- **WHAT IS BEING ASKED**
All of the data that follows is to be written out exactly, with images excluded.

(Data entries)
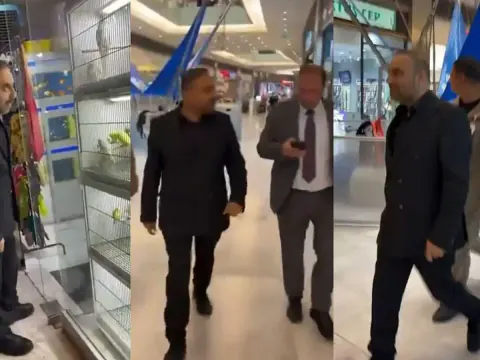 Afyonkarahisar'da 'Cumhur İttifakı Ocakları'nü' Kurdum' Diyen Şahsa Soruşturma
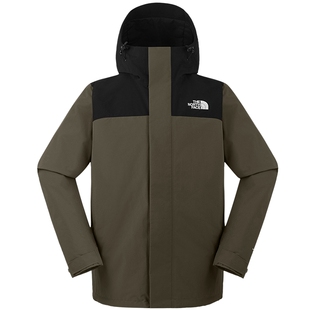 北面冲锋衣男女Sangro2.0山谷防水硬壳外套运动户外TheNorthFace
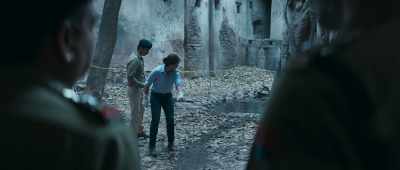 That's the problem with women.
They work less, playact more. - Mardaani 2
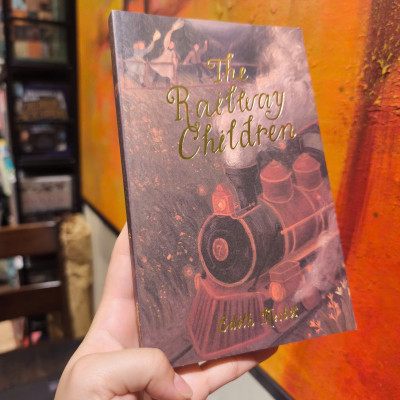 Sách - The Railway Children by Edith Nesbit (Wordsworth Exclusive Collection)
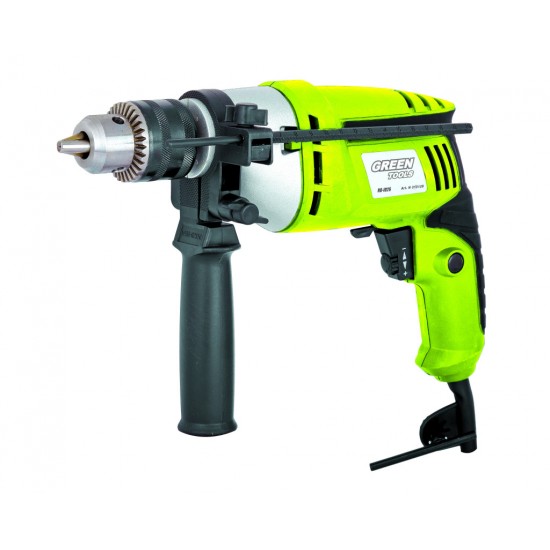 Masina de gaurit cu percutie 500W 13mm RD-ID26 GT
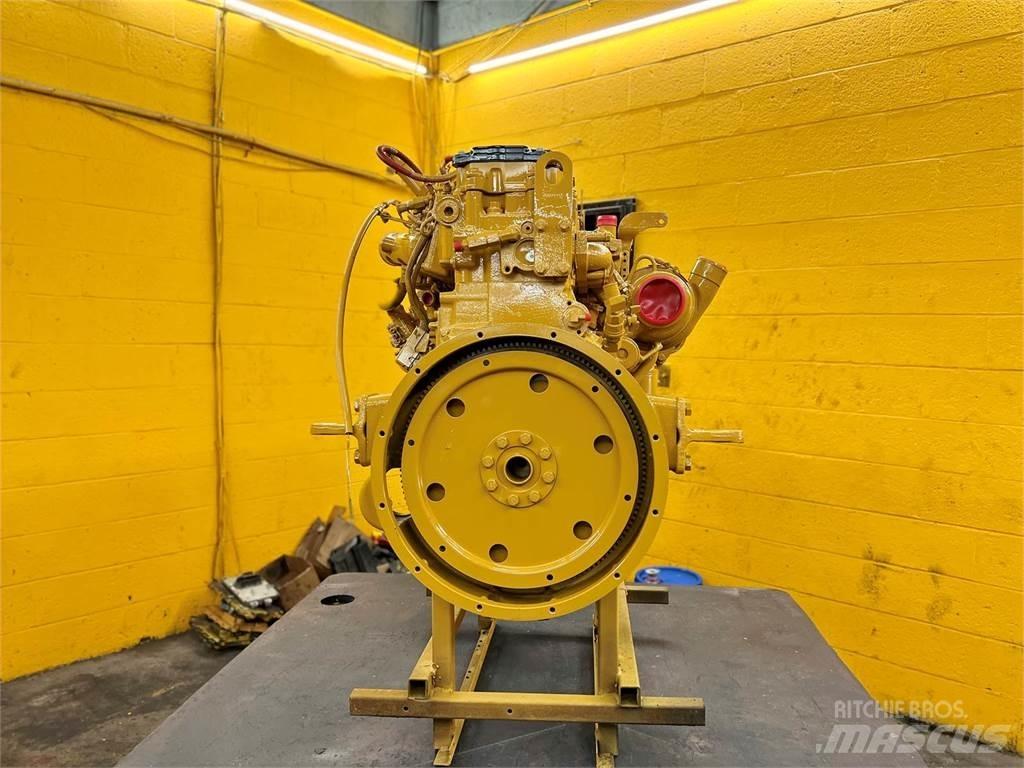 CAT C7 Engines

- **OUTPUT FOR THIS EXERCISE**
 Afyonkarahisar'da 'Cumhur İttifakı Ocakları'nü' Kurdum' Diyen Şahsa Soruşturma
 北面冲锋衣男女Sangro2.0山谷防水硬壳外套运动户外TheNorthFace
 That's the problem with women.
They work less, playact more. - Mardaani 2
 Sách - The Railway Children by Edith Nesbit (Wordsworth Exclusive Collection)
 Masina de gaurit cu percutie 500W 13mm RD-ID26 GT
 CAT C7 Engines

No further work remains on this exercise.